While he was formalizing andragogy, adult educator and theorist Malcolm Knowles emphasized the importance of self-directed learning. In fact, the first principle of andragogy states:
“Adults need to be involved in the planning and evaluation of their instruction.”
To put it another way: Adults have the capacity to self-identify their own needs. It’s up to L&D to provide a learning environment equipped to meet those needs by housing high-quality content (whether that’s created in-house or sourced externally) that’s easily accessible and cost-effective for learners.
“Adults need to be involved in the planning and evaluation of their instruction.”
If an individual employee is the driver, L&D is like GPS: they provide the structure and support for the driver to get where they need to be. In other words, most employees want control over their learning and development, but they also prefer when someone they trust guides them in the right direction.
We’ve done the research to back this up: 70% of learners feel equipped to declare their own learning needs—yet they still want some oversight from L&D teams.
The level of support will differ for every workplace, but generally, workers want to know that there are L&D-sanctioned spaces to source information and, if needed, a budget to cover tools, training, and resources.
Getting a self-directed learning culture off the ground is simple, but it takes a little more effort than just curating a YouTube playlist. Here are three effective tactics to get you started.
Learning libraries let your employees search for answers to their questions on their own time.
Much like a public library, a learning library is a space (usually online, perhaps integrated with your LMS) for hosting myriad educational content, like e-books, articles, and webinars that employees can access anytime.
Most companies—75%, to be exact—agree that having a space to create and preserve internal knowledge is important, yet only 9% are prepared to have such a space. That’s why the best learning libraries are decentralized, so anyone can contribute.
This type of knowledge management not only boosts your employees’ decision-making skills but also encourages your in-house subject matter experts to share their hard-earned knowledge with the rest of the team. Best of all? No major lift from your L&D team is necessary.
For example, if an employee hosts a skill share session on the best practices for running sales reports, that session can be recorded and uploaded to a learning library. Now, any new employee on the sales team can access the recording and have an on-demand, step-by-step guide to help them through a challenge.
Most companies—75%, to be exact—agree that having a space to create and preserve internal knowledge is important, yet only 9% are prepared to have such a space.
A learning management platform is the best investment any organization can make to store content, monitor learning paths, and keep an eye on employee progress. These systems are designed to keep employees engaged with relevant learning activities and give them access to any and all of the learning content available at your organization.
Keep an eye out for platforms that have collaborative elements that foster a little healthy competition and keep motivation high. Elements like leaderboards and badges tap into the need for reward and help self-directed learners stick to their learning goals without the need for external intervention from a manager or L&D team.
Some platforms even have a decentralized, bottom-up approach to course authoring, so anyone can create learning content.

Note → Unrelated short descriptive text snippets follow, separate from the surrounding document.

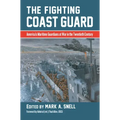 The Fighting Coast Guard: America's Maritime Guardians at War in the Twentieth Century, with Foreword by Admiral Thad Allen, USCG (Ret.)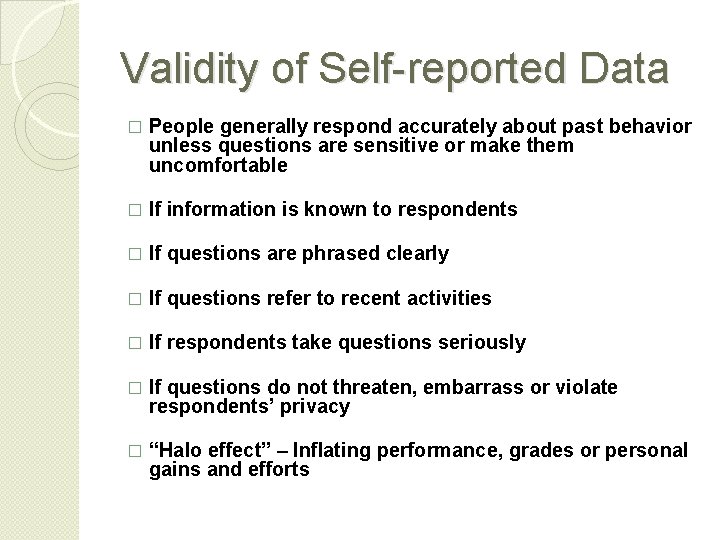 Validity of Self-reported Data � People generally respond accurately about past behavior unless questions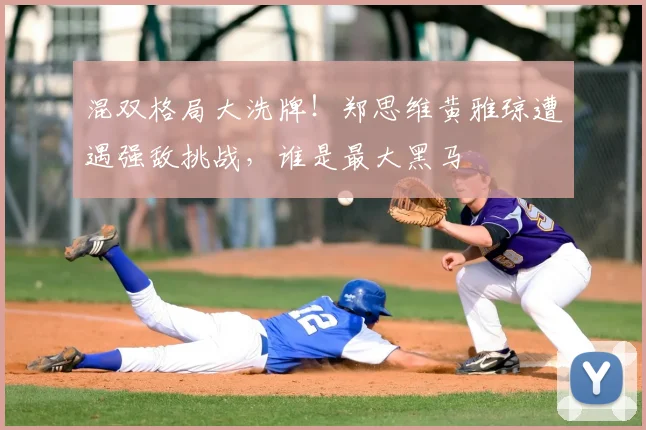 混双格局大洗牌！郑思维黄雅琼遭遇强敌挑战，谁是最大黑马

This is useful to take the weight of course creation off of L&D and lets individual employees build materials based on their own expertise.
For small L&D teams or teams with a limited budget, consider low-cost resources like LinkedIn Learning subscriptions. That way, in addition to sourcing content from internal subject-matter experts, you can supplement with existing, and effective, off-the-shelf materials.
Keep an eye out for platforms that have collaborative elements that foster a little healthy competition and keep motivation high.
Traditionally, coaching in the workplace looks like a hands-on relationship, where a coach meets with employees regularly to build skills and advance their careers.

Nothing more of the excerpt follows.